(What you will do):
Restate all of the data below word for word.

[Extracted records]
--- START ---

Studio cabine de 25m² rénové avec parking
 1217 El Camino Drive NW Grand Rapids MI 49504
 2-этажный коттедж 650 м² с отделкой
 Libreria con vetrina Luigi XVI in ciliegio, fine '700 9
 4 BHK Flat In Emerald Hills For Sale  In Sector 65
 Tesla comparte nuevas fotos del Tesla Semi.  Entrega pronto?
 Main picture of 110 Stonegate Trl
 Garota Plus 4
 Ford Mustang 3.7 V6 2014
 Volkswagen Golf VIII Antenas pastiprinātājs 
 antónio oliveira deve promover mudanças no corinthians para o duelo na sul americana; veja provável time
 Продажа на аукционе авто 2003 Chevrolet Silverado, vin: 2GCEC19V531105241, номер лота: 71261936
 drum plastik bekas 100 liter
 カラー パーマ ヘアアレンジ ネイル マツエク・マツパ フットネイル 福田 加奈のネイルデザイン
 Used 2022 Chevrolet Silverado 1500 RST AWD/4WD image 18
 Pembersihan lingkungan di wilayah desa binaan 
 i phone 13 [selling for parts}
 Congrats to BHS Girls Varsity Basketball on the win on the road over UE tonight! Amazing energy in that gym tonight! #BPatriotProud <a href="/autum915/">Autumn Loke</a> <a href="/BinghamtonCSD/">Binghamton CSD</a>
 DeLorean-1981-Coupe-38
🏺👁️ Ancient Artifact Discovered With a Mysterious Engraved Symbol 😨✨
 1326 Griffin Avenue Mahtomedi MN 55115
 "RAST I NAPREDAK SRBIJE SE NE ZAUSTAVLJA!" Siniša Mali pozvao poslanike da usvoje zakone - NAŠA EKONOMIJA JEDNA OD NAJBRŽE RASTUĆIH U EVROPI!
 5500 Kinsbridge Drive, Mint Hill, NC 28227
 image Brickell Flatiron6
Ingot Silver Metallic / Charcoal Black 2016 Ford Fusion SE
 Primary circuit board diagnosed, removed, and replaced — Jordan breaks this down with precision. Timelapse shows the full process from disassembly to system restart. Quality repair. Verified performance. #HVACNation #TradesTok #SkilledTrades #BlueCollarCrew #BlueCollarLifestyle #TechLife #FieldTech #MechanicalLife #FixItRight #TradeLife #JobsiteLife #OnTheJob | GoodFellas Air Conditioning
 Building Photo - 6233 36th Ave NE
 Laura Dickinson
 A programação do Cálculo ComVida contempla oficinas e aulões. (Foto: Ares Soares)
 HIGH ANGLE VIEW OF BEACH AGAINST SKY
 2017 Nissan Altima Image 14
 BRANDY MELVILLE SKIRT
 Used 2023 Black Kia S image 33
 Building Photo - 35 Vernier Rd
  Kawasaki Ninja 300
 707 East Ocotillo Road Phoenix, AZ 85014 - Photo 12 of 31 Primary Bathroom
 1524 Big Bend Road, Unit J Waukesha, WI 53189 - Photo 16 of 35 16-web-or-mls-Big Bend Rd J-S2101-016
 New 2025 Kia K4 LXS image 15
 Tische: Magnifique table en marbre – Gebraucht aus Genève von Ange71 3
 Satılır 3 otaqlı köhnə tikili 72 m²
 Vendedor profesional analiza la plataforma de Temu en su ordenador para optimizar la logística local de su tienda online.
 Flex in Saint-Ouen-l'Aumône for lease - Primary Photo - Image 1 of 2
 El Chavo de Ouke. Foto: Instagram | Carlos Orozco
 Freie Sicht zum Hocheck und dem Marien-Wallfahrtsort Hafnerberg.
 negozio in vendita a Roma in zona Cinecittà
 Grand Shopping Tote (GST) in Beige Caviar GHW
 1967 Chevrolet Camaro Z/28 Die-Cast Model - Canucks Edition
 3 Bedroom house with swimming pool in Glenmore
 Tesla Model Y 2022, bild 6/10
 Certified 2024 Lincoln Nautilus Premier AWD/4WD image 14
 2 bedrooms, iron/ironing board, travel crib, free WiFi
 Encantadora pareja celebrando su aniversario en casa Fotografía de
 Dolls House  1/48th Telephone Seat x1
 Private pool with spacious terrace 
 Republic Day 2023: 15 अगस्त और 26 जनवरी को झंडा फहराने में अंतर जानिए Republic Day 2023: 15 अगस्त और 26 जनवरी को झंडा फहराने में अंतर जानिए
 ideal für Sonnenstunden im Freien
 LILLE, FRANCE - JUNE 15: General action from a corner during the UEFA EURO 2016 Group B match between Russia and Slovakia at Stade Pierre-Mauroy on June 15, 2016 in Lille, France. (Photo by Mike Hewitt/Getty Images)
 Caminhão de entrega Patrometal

--- END ---

(Exercise answer):
Studio cabine de 25m² rénové avec parking
 1217 El Camino Drive NW Grand Rapids MI 49504
 2-этажный коттедж 650 м² с отделкой
 Libreria con vetrina Luigi XVI in ciliegio, fine '700 9
 4 BHK Flat In Emerald Hills For Sale  In Sector 65
 Tesla comparte nuevas fotos del Tesla Semi.  Entrega pronto?
 Main picture of 110 Stonegate Trl
 Garota Plus 4
 Ford Mustang 3.7 V6 2014
 Volkswagen Golf VIII Antenas pastiprinātājs 
 antónio oliveira deve promover mudanças no corinthians para o duelo na sul americana; veja provável time
 Продажа на аукционе авто 2003 Chevrolet Silverado, vin: 2GCEC19V531105241, номер лота: 71261936
 drum plastik bekas 100 liter
 カラー パーマ ヘアアレンジ ネイル マツエク・マツパ フットネイル 福田 加奈のネイルデザイン
 Used 2022 Chevrolet Silverado 1500 RST AWD/4WD image 18
 Pembersihan lingkungan di wilayah desa binaan 
 i phone 13 [selling for parts}
 Congrats to BHS Girls Varsity Basketball on the win on the road over UE tonight! Amazing energy in that gym tonight! #BPatriotProud <a href="/autum915/">Autumn Loke</a> <a href="/BinghamtonCSD/">Binghamton CSD</a>
 DeLorean-1981-Coupe-38
🏺👁️ Ancient Artifact Discovered With a Mysterious Engraved Symbol 😨✨
 1326 Griffin Avenue Mahtomedi MN 55115
 "RAST I NAPREDAK SRBIJE SE NE ZAUSTAVLJA!" Siniša Mali pozvao poslanike da usvoje zakone - NAŠA EKONOMIJA JEDNA OD NAJBRŽE RASTUĆIH U EVROPI!
 5500 Kinsbridge Drive, Mint Hill, NC 28227
 image Brickell Flatiron6
Ingot Silver Metallic / Charcoal Black 2016 Ford Fusion SE
 Primary circuit board diagnosed, removed, and replaced — Jordan breaks this down with precision. Timelapse shows the full process from disassembly to system restart. Quality repair. Verified performance. #HVACNation #TradesTok #SkilledTrades #BlueCollarCrew #BlueCollarLifestyle #TechLife #FieldTech #MechanicalLife #FixItRight #TradeLife #JobsiteLife #OnTheJob | GoodFellas Air Conditioning
 Building Photo - 6233 36th Ave NE
 Laura Dickinson
 A programação do Cálculo ComVida contempla oficinas e aulões. (Foto: Ares Soares)
 HIGH ANGLE VIEW OF BEACH AGAINST SKY
 2017 Nissan Altima Image 14
 BRANDY MELVILLE SKIRT
 Used 2023 Black Kia S image 33
 Building Photo - 35 Vernier Rd
  Kawasaki Ninja 300
 707 East Ocotillo Road Phoenix, AZ 85014 - Photo 12 of 31 Primary Bathroom
 1524 Big Bend Road, Unit J Waukesha, WI 53189 - Photo 16 of 35 16-web-or-mls-Big Bend Rd J-S2101-016
 New 2025 Kia K4 LXS image 15
 Tische: Magnifique table en marbre – Gebraucht aus Genève von Ange71 3
 Satılır 3 otaqlı köhnə tikili 72 m²
 Vendedor profesional analiza la plataforma de Temu en su ordenador para optimizar la logística local de su tienda online.
 Flex in Saint-Ouen-l'Aumône for lease - Primary Photo - Image 1 of 2
 El Chavo de Ouke. Foto: Instagram | Carlos Orozco
 Freie Sicht zum Hocheck und dem Marien-Wallfahrtsort Hafnerberg.
 negozio in vendita a Roma in zona Cinecittà
 Grand Shopping Tote (GST) in Beige Caviar GHW
 1967 Chevrolet Camaro Z/28 Die-Cast Model - Canucks Edition
 3 Bedroom house with swimming pool in Glenmore
 Tesla Model Y 2022, bild 6/10
 Certified 2024 Lincoln Nautilus Premier AWD/4WD image 14
 2 bedrooms, iron/ironing board, travel crib, free WiFi
 Encantadora pareja celebrando su aniversario en casa Fotografía de
 Dolls House  1/48th Telephone Seat x1
 Private pool with spacious terrace 
 Republic Day 2023: 15 अगस्त और 26 जनवरी को झंडा फहराने में अंतर जानिए Republic Day 2023: 15 अगस्त और 26 जनवरी को झंडा फहराने में अंतर जानिए
 ideal für Sonnenstunden im Freien
 LILLE, FRANCE - JUNE 15: General action from a corner during the UEFA EURO 2016 Group B match between Russia and Slovakia at Stade Pierre-Mauroy on June 15, 2016 in Lille, France. (Photo by Mike Hewitt/Getty Images)
 Caminhão de entrega Patrometal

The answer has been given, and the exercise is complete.